See, humorous fantasy is really, really difficult to do well. If you're not careful, it can end up feeling juvenile or corny, or else become a farce—a wink-nudge pastiche that is as much laughing at fantasy as with it. Tim's humor, on the other hand, comes from the characters he creates. The world isn't designed to be humorous—it's as serious as our own—but the characters find the humor inherent in even the bleakest circumstances, often at their own expense. This is Fafhrd and the Grey Mouser territory, as well as that of glorious 80s action-comedies like Die Hard and Lethal Weapon, and the snappy self-aware dialogue of a Tarantino or George Clooney character. It's bombastic action that understands the frequent absurdity that goes hand in hand with being awesome.

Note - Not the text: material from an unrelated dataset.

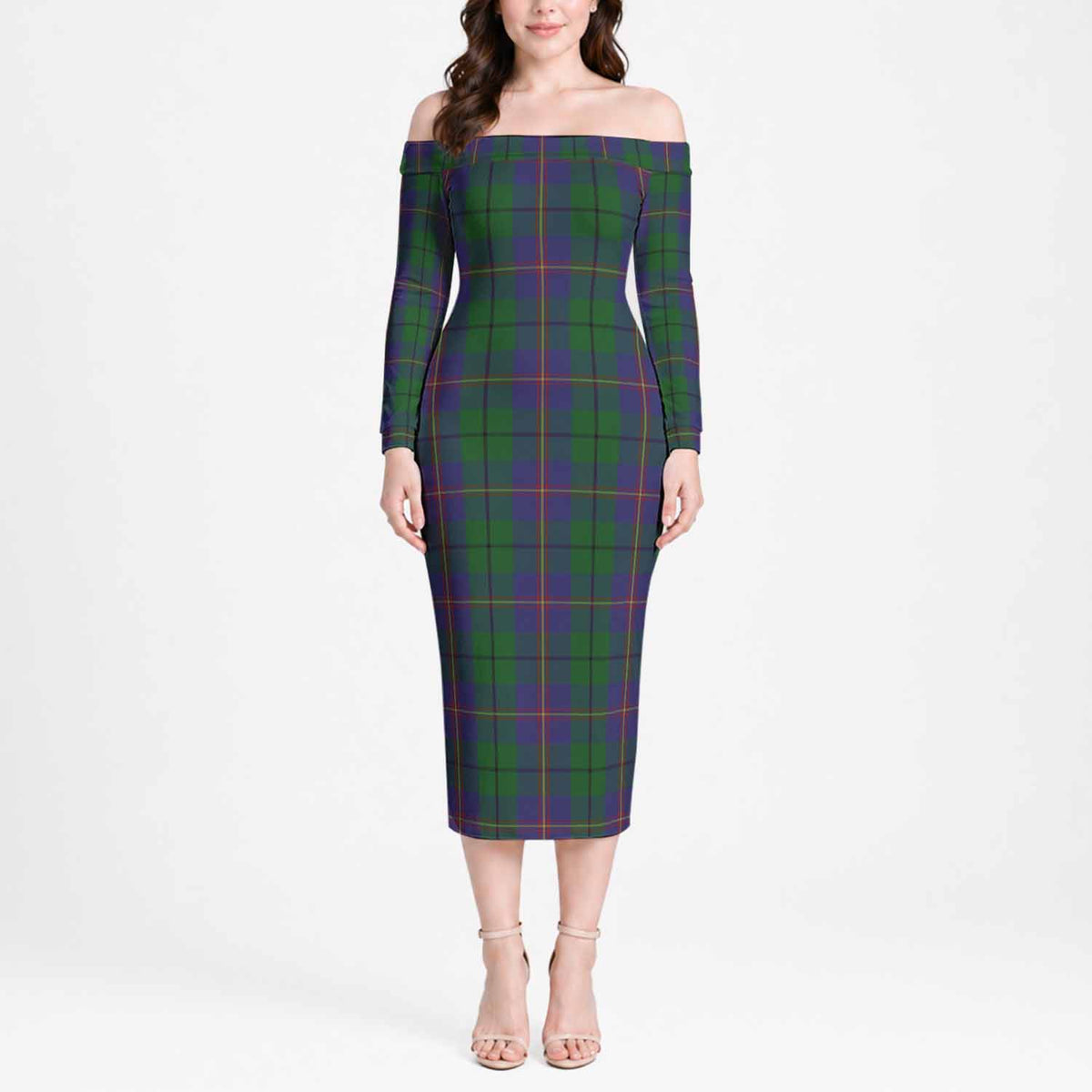 Carmichael Tartan Off Shoulder Lady Dress Women's Dress - Tartan Vibes Clothing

Which is why, when Tim pitched me on the idea of a new Rodrick and Hrym novel with the phrase "Rodrick and Hrym join the Suicide Squad," I was hooked. Where Liar's Island had been a chance for us to check out Jalmeray in a way we hadn't since the module Cult of the Ebon Destroyers, this book would focus on some of our more familiar settings: Lastwall and Nirmathas. It'd also give Tim the chance to invent a bunch of high-end criminals, and make them all try to work together, which goes about as well as trapping a bunch of cats in a sack. (When Rodrick's starting to sound like the reasonable one, you know you're in trouble.) Add in a favorite monster from the very birth of Pathfinder, and I was sold.
I deeply enjoyed the chance to ride along with the Bickering Duo again in Liar's Bargain, and I hope you will as well!